Il ritrovo è al II° deposito dell’aeronautica di Gallarate, una rotonda con piantato nel mezzo un vero aereo “in onore dei caduti del volo”. I pacifisti gli mettono davanti un cartello: “Basta guerre, basta bombe e aerei nelle rotonde”. In zona ce ne sono quattro più gli elicotteri nel parco di Sarmate. L’industria aeronautica nel varesotto è tanta: 9300 addetti all’Agusta-Westland, 1800 lavoratori all’Aermacchi e un indotto di altre migliaia di posti di lavoro. Nelle scuole tecniche le offerte di stage e formazione sono tutte loro. Dura discutere di riconversione da queste parti. E tutto si esaurisce in un problema di coscienza individuale. “Mio fratello lavorava all’Agusta è uno di quelli che con l’impegno sempre più militare dell’azienda ha preferito andarsene per non guadagnarsi la pagnotta sulla pelle d’altri”, racconta un papà con passeggino. In mattinata erano in duecento al Comando di reazione rapida della Nato a Solbiate Olona, da cui si guidano operazioni in Afghanistan. Davanti a un plotone di carabinieri hanno messo in scena un teatro-guerra: mimi e maschere e le sagome dei caduti sull’asfalto. “La militarizzazione simbolica e reale del territorio lombardo è impressionante – racconta Mario Agostinelli, capogruppo in Regione del Prc – d’altra parte assistiamo a un forte impegno dell’associazionismo e di molti Comuni per una cultura della pace e la riconversione dell’industria bellica. Mentre Formigoni ciancia di pace c’è una proposta di legge per riattivare l’agenzia regionale che il centrodestra vuole affossare”. L’agenzia ha lavorato qualche anno e poi non è stata più finanziata. Adesso c’è una proposta di legge popolare in Regione promossa da un fronte che va da Bastaguerra alla Pastorale del lavoro, con sindacati di base e il Prc lombardo. La maggioranza vuole archiviare senza votare, in silenzio. “Quindicimila firme di cittadini meritano almeno una risposta – chiede Luciano Muhlbauer, consigliere regionale Prc – e se il centrodestra con parte della Margherita è contrario alla riconversione lo dica e non si nasconda dietro sotterfugi”.
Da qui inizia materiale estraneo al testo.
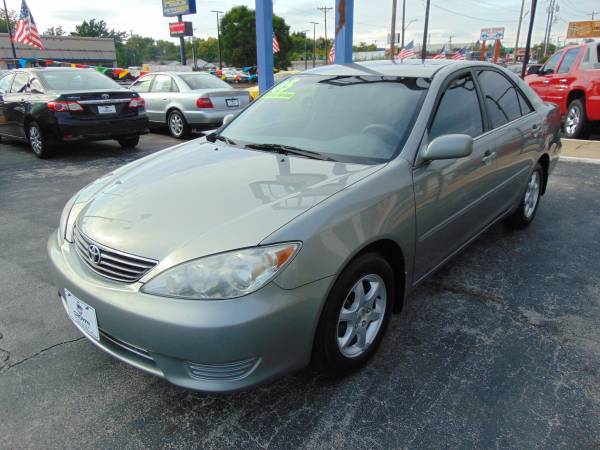 🔥🔥🔥2005 TOYOTA CAMRY - cars & trucks - by dealer - vehicle... for sale in Oklahoma City, OK – photo 3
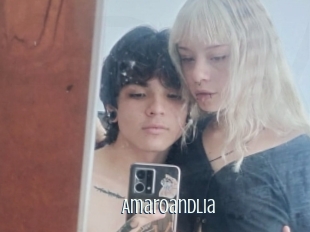 Amaroandlia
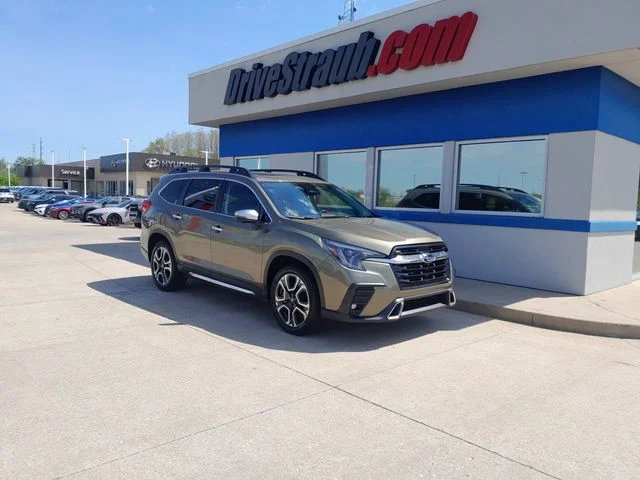 Used 2023 Brown Subaru Touring image 2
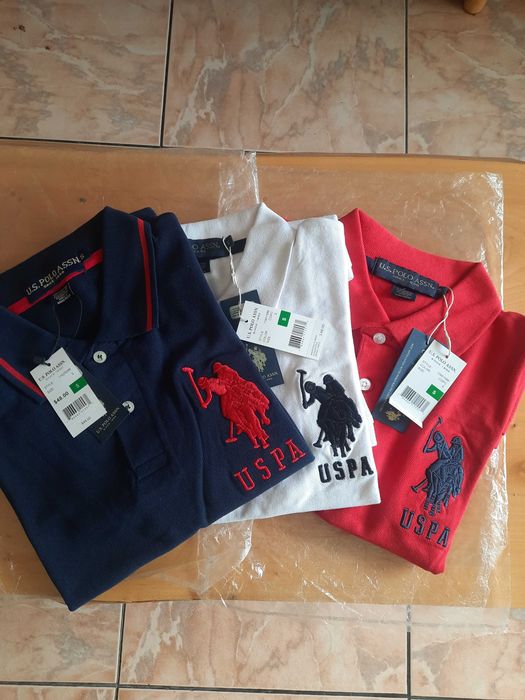 Vand tricou barbat U.S.POLO ASSN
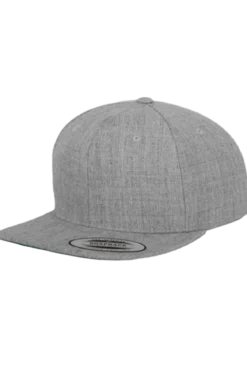 Snapback - Lysegrå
Eppure quell’agenzia è nata dalle lotte di gente come Elio Pagani, lavoratore in Aermacchi per 19 anni, tra i primi a denunciare l’azienda per violazione dell’embargo al Sudafrica dell’apartheid, promotore di una piattaforma sindacale per la diversificazione e riconversione dell’azienda, obiettore di coscienza trasferito al civile –e finito nella crisi tra i 600 esuberi – col collettivo Cassintegrati per la pace, i diritti e il lavoro ottiene un fondo ministeriale per la riconversione, primo caso italiano. Quindici anni di lotte mentre la fine della guerra fredda scoppiava in Iraq, Ruanda, ex-Yugoslavia, Congo, Timor Est, Bosnia, Etiopia-Eritrea, Kossovo, Afghanistan… Elio adesso insegna a scuola ed anima le iniziative pacifiste. La sua storia dice che si può fare, si può convertire mentalità ed economia; é una questione di scelte, priorità, cultura.